What you have to do
Once the line containing "this 640×480 image." is found in the material below, it and every line after it should be transcribed exactly, with pictures left out and nothing added.

** Opening Extracted data block **

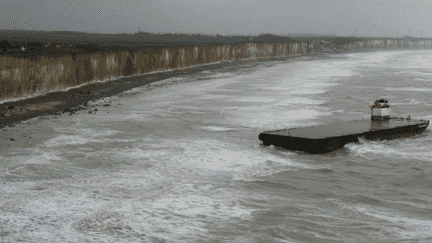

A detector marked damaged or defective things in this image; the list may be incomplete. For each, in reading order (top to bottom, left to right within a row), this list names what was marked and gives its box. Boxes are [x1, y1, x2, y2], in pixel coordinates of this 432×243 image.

rusty vessel [258, 99, 430, 154]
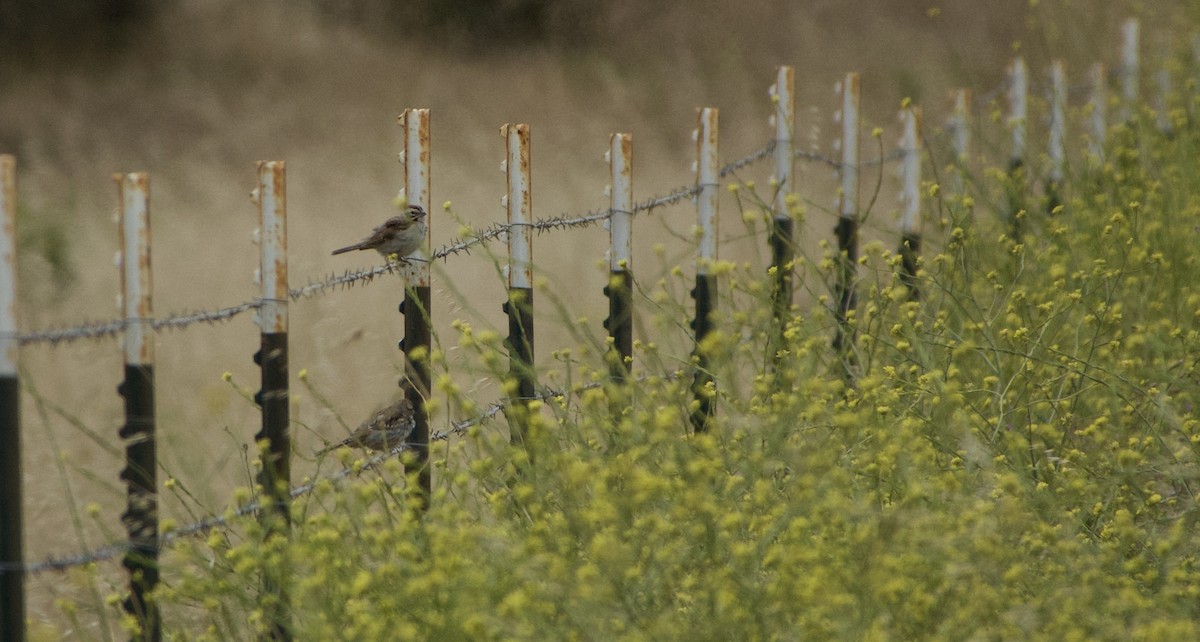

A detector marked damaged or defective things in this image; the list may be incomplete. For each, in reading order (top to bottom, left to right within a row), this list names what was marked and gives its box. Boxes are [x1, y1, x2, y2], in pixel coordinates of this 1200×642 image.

rusty metal fence post [0, 154, 24, 642]
rusty metal fence post [113, 171, 160, 642]
rusty metal fence post [250, 160, 290, 642]
rust stain on post [256, 160, 286, 333]
rusty metal fence post [398, 108, 432, 504]
rusty metal fence post [501, 125, 535, 446]
rusty metal fence post [604, 132, 633, 381]
rusty metal fence post [691, 108, 715, 434]
rusty metal fence post [768, 66, 796, 372]
rusty metal fence post [830, 74, 859, 376]
rusty metal fence post [897, 106, 921, 301]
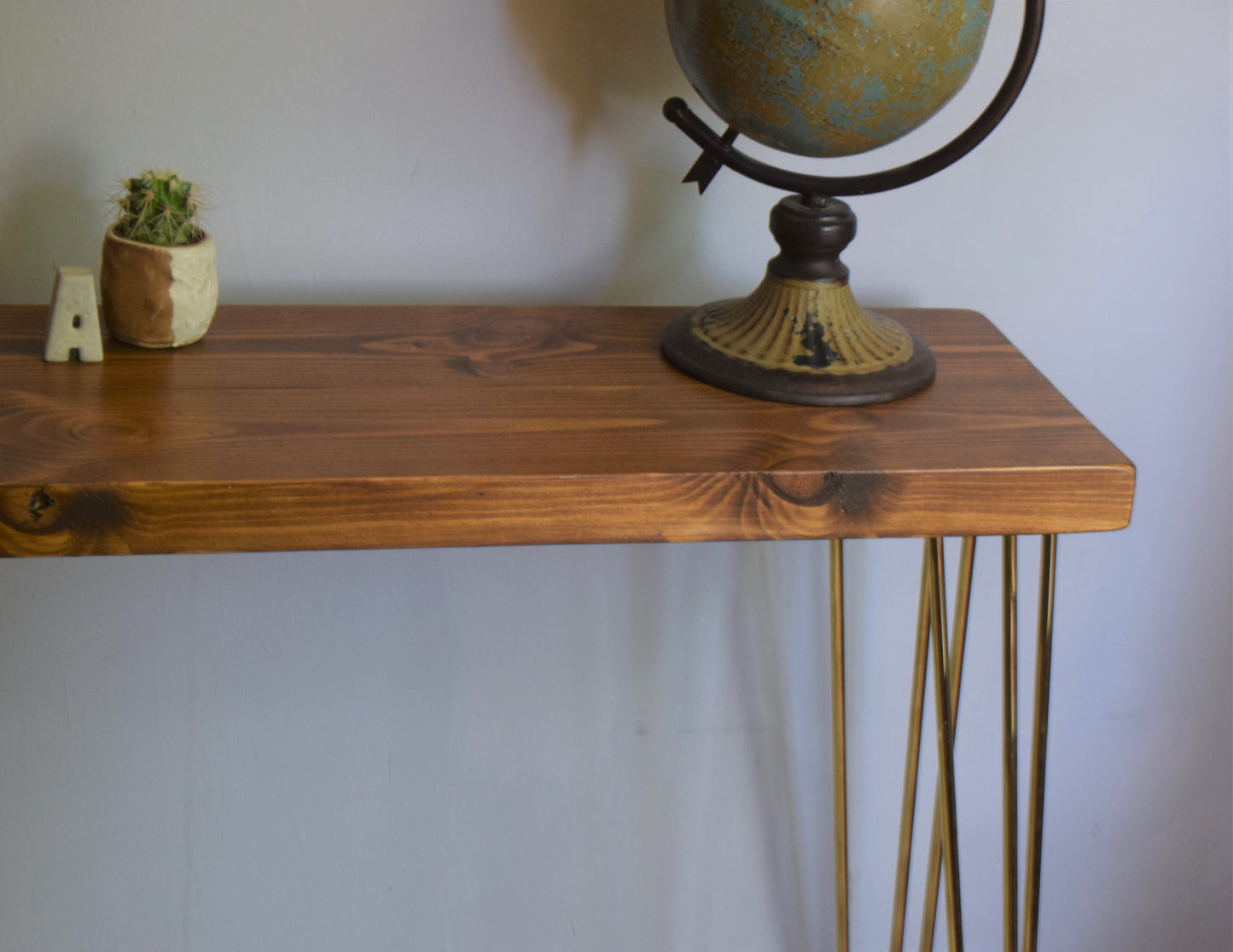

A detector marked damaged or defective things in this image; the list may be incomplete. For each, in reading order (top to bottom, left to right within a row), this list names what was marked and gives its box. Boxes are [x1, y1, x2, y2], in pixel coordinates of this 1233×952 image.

rusty metal finish [666, 0, 991, 158]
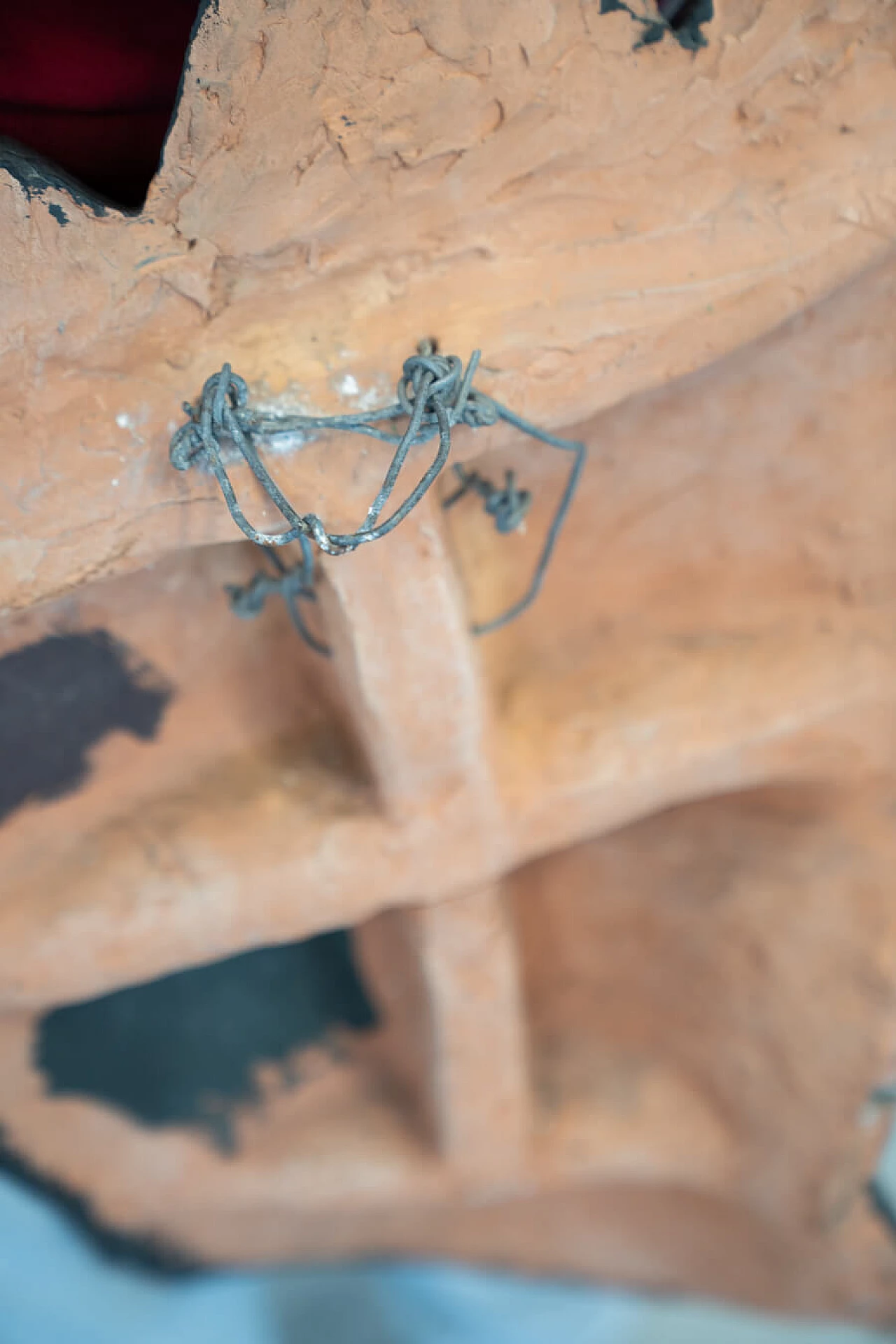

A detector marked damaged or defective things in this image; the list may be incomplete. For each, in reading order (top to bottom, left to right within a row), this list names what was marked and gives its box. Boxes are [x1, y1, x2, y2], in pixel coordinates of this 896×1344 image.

rusty gray wire [169, 346, 588, 639]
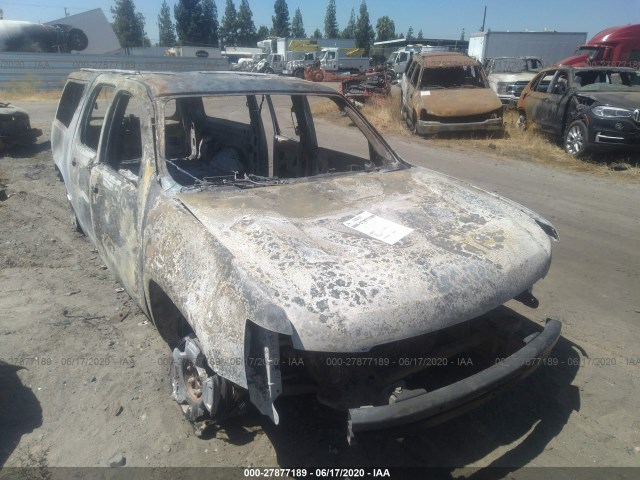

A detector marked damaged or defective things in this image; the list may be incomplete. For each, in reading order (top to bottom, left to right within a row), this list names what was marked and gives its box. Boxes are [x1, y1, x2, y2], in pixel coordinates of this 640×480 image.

rusted car [0, 102, 41, 151]
burned interior [160, 93, 400, 188]
rusted car [400, 52, 504, 135]
damaged bumper [416, 117, 504, 135]
rusted car [516, 64, 640, 156]
burned chevrolet suburban [50, 69, 560, 440]
rusted car [51, 69, 560, 440]
charred vehicle frame [53, 69, 560, 440]
damaged bumper [348, 318, 564, 442]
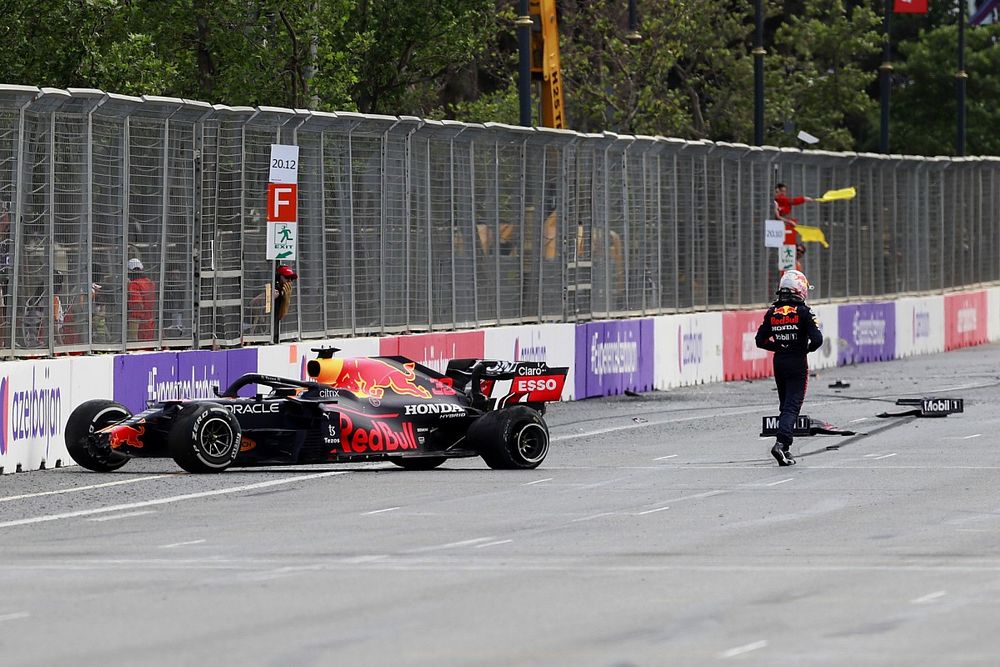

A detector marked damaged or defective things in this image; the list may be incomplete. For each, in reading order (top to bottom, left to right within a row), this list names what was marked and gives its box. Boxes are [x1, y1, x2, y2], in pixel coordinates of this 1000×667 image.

** Closing Extracted data block **

Result below
A detector marked damaged or defective things in this image; the list may be incomplete. For each, in reading order (top to bottom, left to right within a row), this list names what was marked and gives its box. Boxes are [x1, y1, x2, y2], in pixel coordinates of this 640×480 image.

rusted car [0, 102, 41, 151]
burned interior [160, 93, 400, 188]
rusted car [400, 52, 504, 135]
damaged bumper [416, 117, 504, 135]
rusted car [516, 64, 640, 156]
burned chevrolet suburban [50, 69, 560, 440]
rusted car [51, 69, 560, 440]
charred vehicle frame [53, 69, 560, 440]
damaged bumper [348, 318, 564, 442]

A detector marked damaged or defective things in this image; the list may be incomplete. For each, in reading order (top to bottom, left to right within a row), this list names what was marked and gives its box. Boxes are [x1, y1, x2, y2], in pixel coordinates of this 1000×667 image.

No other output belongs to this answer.